One year, it wasn’t until July that I found the last Easter egg that should have been part of my Easter hunt. Tucked behind the top of a cushion on my grandmother’s red velvet couch which stood watch over her formal living room, the egg’s colourful foil covering was an immediate reminder in the scorching heat of summer, of the surprises and joys of Easter.
Eggs were hidden two ways at my Nonna’s house: chocolate ones tucked away by my aunts for my sister and I and real ones by my Nonna in her traditional Easter bread. Fresh eggs, woven into handmade bread, coddled to gold-brown perfection was made for just this one event each year. Traditional to Calabria, bread made this way can have many names. In our dialect, it’s called “vavarillu” which refers to something being swaddled.
My Nonno was the primary dinner cook at my grandparent’s house, turning out patate fritte, pasta, soups and slow-cooked chicken and potatoes. But when it came to Easter bread – my Nonna really shined. It was a day-long affair and the eggs and loaves being counted out for which families they had to be taken to. Loaves were packed up for each relative that was to be visited. A family of four or more would get a wreath with four eggs in it, others would get smaller loaves with just one or two eggs. The eggs in the bread did more than represent spring and new beginnings. The shape of the loaf that had one egg twisted into it was said to be made to look like the baby Jesus – the egg being his head, then his body swaddled in cloth and his two feet emerging at the bottom.
To celebrate Easter with all my readers, I’m sharing here my family’s Easter bread recipe. You can find a few variations of this type of woven bread online, though many of them are sweet. In our family, it was made with plain bread to be shared during the Easter meal. My Nonna used chicken eggs originally, but with my husband’s family breeding ducks, we have access to free-range duck eggs that come in off-white, brown and a greenish-blue. The colours are perfect for Easter, without having to dye the eggs.

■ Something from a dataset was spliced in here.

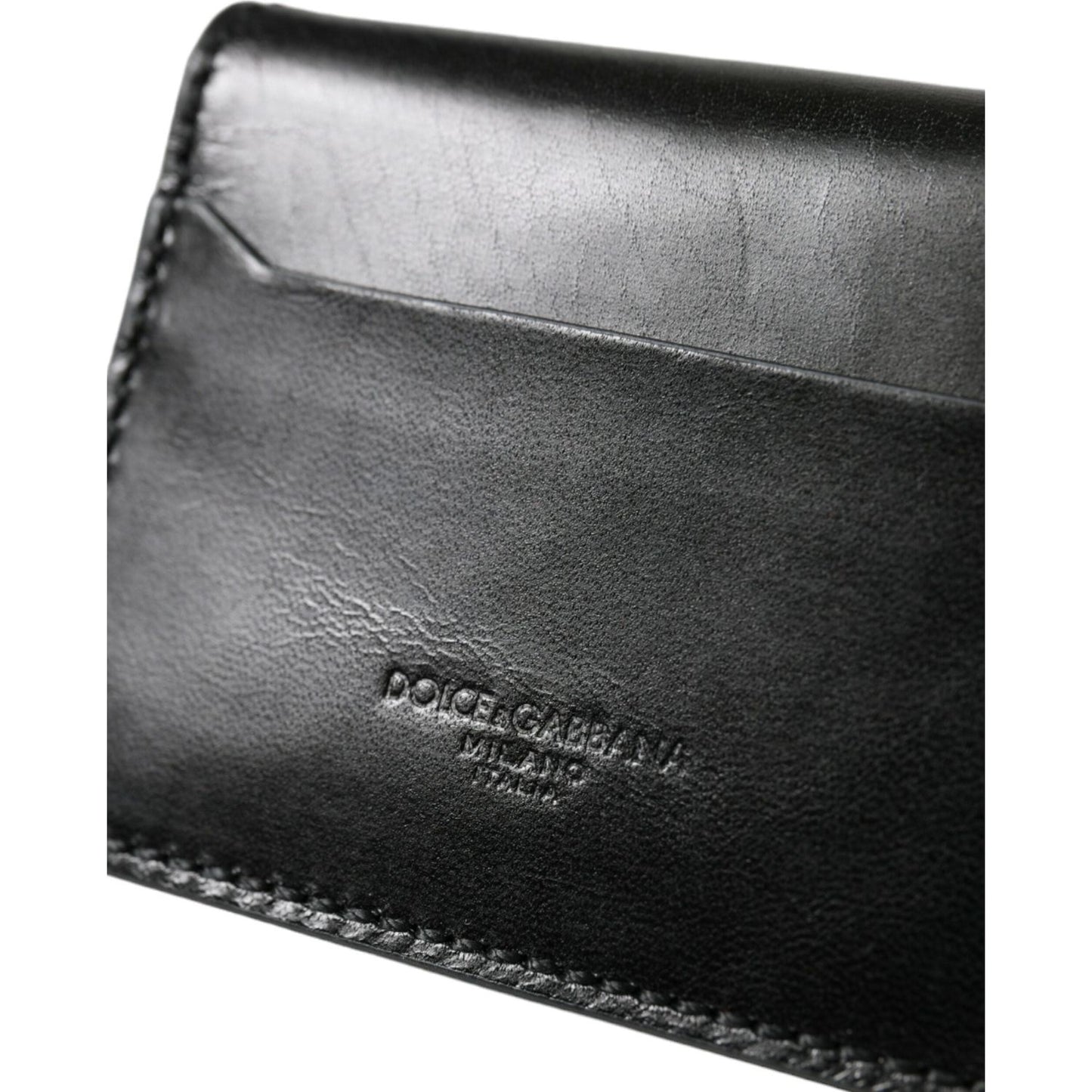 Dolce & Gabbana Black Leather Bifold Logo Card Holder Keyring Wallet black-leather-bifold-logo-card-holder-keyring-wallet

Happy Easter – I hope you find all the eggs and surprises you are looking for this spring!
1.5kg bread flour (also called hard wheat flour)
1.5 kg all-purpose flour
4 tablespoons salt (Kosher preferred)
5 cups warm water
1/4 cup vegetable oil (optional)
whole washed raw eggs
To start the yeast:
1 teaspoon sugar
2 cups warm water
2 table spoons dry active yeast (or 2 packets)
In a measuring cup or bowl, mix the sugar, 2 cups warm water and the yeast together to let it sit and activate. It’s ready when the surface is covered with bubbles.
Meanwhile, mix together the flour and the salt in your mixer bowl. This is done so that the salt doesn’t come in direct contact with the yeast. Add in the yeast/water mixture and the additional 5 cups of water and mix for 2-3 minutes. Add in the oil, if you desire, to make the dough smoother and allow the dough to release easily from the side of the bowl. Knead the dough until smooth and elastic.
Cover the bowl with a towel or lid and allow the dough to rise until it doubles in size. Be sure to place the bowl in a draft-free area so that it stays at room temperature. If you want to hurry your rising process along ,you can put the bowl in your oven with the door closed (but the heat off) or fill a sink with a few inches of warm water and place the bowl, covered by a towel, in the water. This method provides the dough with the heat needed to make it rise.
When it has risen, punch down the dough and remove it from the bowl onto a lightly floured wood board. To make the basic shape that weaves in one egg, cut off two pieces of dough approximately the same size (we use 150-155 gram pieces). Roll these pieces out into ropes about one inch wide using your fingers and palms. While you are rolling, if you feel any large air bubbles in the dough pierce them with a knife. If you find you have too much flour on your hands and board, which can make the rolling difficult, lightly wet your hands to get a better grip. Be sure your eggs are washed and completely dry before putting together your loaves. While working on each loaf, keep the rest of the dough covered with plastic wrap keep it moist.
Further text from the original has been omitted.